Under Heaven feels so much like a traditional Guy Gavriel Kay novel, through and through. The contrasting dangers of journeying through civilization and the wilderness. The honoured, hyper-perceptive outsider who is forced into navigating the politics of the nobility. The catastrophic, civilization-rending event that slowly develops from the margins of the story, emerging to take centre stage in the last third. The long-separated loves and simmering rivalries that end in missed connections, without ever being addressed head-on. Good men being forced into bad decisions by prideful, incompetent superiors and relatives. The power of beautiful, hyper-intelligent women behind the throne.

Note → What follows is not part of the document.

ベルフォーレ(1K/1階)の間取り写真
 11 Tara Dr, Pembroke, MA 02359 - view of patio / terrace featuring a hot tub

That said, even if it was more of the same, I had fun. It’s been a while since I’ve had a Kay novel that I really sank into. I didn’t enjoy The Last Light of the Sun nearly as much as the Sarantium books, or The Lions of Al-Rassan, and I haven’t read Ysabel yet. I also liked the poetry more than I thought I would – there was something amusing about a society that values poetry to the extent that it institutionalizes it – makes writing it a requirement of its civil service. I couldn’t help but think of my brother having to write verse.
I also thought the thematic interplay between Taoism and Confucianism was well done. It wasn’t exactly subtle, but it was done well, and it grounded and illuminated the abstract problem our hero was dealing with.

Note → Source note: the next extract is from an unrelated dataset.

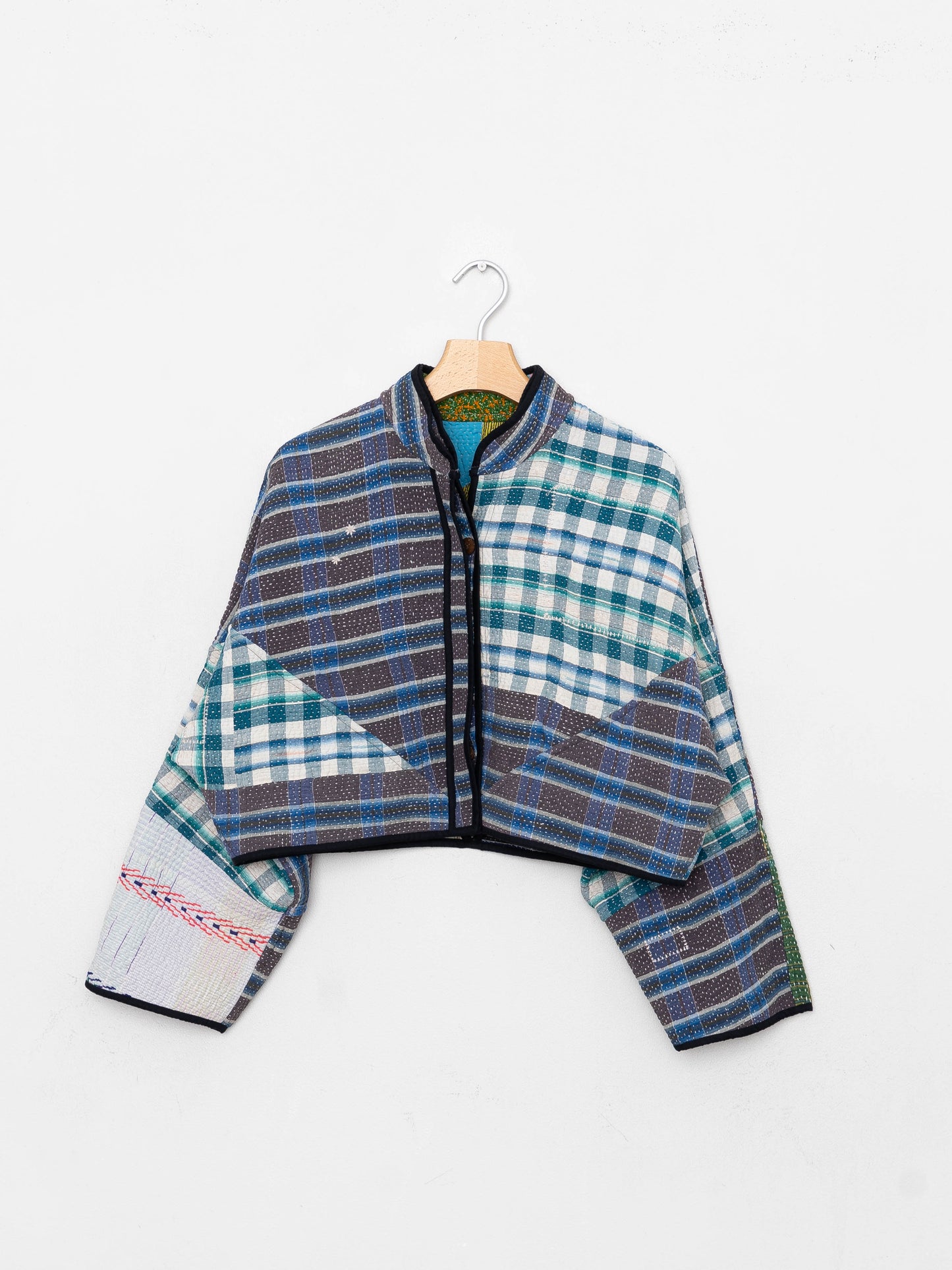 The Kaira Cropped Quilted Patchwork Kantha Jacket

I’m 200 pages into The Wise Man’s Fear. I loved the early parts of The Name of the Wind, but once I finally realized that most of the book (and the next two) were going to be devoted to the flashback, I cooled slightly. I understand the important grounding that the Tarbean and University sections provided, but it ended up seeming slow and monotonous. I was really hoping that the momentum that The Name of the Wind gathered towards the end, with the road-trip, and then Kvothe finally getting out from under his money problems, would be maintained in The Wise Man’s Fear, but I was disappointed to find, right from the start, that Kvothe is still at the University, and in debt yet again, and still feuding with Ambrose, still playing his music in taverns and struggling to meet with Denna. These 200 pages have been entertaining to read, but at the same time, they very distinctly feel like a retread of old ground. Hopefully things will pick up again soon.